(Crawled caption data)
* * * * * * *

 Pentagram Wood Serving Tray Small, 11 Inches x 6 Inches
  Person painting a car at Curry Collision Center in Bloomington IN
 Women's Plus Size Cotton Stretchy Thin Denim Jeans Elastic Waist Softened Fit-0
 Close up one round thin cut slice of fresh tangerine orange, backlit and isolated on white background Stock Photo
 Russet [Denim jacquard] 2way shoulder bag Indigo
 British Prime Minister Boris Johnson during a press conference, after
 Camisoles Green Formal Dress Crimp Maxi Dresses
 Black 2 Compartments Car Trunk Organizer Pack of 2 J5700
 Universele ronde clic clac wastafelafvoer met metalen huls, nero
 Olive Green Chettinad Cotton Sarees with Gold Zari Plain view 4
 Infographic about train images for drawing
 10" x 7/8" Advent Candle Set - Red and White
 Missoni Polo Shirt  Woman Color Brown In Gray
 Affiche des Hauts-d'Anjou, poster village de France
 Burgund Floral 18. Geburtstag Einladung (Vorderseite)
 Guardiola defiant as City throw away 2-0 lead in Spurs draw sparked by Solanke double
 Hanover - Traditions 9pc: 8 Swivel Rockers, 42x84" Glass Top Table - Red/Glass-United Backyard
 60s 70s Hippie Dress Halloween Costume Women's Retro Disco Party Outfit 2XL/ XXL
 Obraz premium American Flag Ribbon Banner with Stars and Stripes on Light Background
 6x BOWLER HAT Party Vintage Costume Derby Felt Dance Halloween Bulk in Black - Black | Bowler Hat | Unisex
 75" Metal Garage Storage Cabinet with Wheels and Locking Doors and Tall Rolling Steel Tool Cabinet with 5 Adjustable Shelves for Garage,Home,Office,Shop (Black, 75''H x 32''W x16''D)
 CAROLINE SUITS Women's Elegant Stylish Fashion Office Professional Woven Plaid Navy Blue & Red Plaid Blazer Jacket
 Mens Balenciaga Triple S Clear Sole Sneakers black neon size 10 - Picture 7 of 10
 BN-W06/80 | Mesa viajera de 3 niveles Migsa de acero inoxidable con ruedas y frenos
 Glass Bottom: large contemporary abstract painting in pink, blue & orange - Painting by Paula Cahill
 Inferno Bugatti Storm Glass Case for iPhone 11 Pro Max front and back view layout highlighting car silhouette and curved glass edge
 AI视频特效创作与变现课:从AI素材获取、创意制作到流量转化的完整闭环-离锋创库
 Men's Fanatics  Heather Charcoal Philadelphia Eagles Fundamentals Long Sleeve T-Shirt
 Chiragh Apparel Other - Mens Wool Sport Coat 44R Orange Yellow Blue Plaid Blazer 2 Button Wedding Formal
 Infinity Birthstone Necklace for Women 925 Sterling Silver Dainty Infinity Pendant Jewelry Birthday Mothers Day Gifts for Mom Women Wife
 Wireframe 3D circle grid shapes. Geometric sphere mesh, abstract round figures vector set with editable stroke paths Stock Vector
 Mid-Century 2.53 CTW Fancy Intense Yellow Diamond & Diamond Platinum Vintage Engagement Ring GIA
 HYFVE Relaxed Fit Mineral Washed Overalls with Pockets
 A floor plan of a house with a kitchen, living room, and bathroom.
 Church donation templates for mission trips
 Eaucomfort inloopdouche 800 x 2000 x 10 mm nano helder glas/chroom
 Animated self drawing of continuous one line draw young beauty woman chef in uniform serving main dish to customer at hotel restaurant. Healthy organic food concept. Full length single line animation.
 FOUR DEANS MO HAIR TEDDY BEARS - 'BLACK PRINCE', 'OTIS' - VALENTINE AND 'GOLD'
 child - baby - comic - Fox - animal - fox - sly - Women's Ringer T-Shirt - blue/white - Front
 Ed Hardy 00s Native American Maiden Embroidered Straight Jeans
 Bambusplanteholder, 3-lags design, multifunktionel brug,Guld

* * * * * * *

> **AIM OF THE EXERCISE**
Taking the entries above, restate exactly those lines that fall between the line with "Long Sleeve T-Shirt" and the line with "Chiragh Apparel Other", keeping both of those lines too.

> **OUTPUT OF THE EXERCISE**
 Men's Fanatics  Heather Charcoal Philadelphia Eagles Fundamentals Long Sleeve T-Shirt
 Chiragh Apparel Other - Mens Wool Sport Coat 44R Orange Yellow Blue Plaid Blazer 2 Button Wedding Formal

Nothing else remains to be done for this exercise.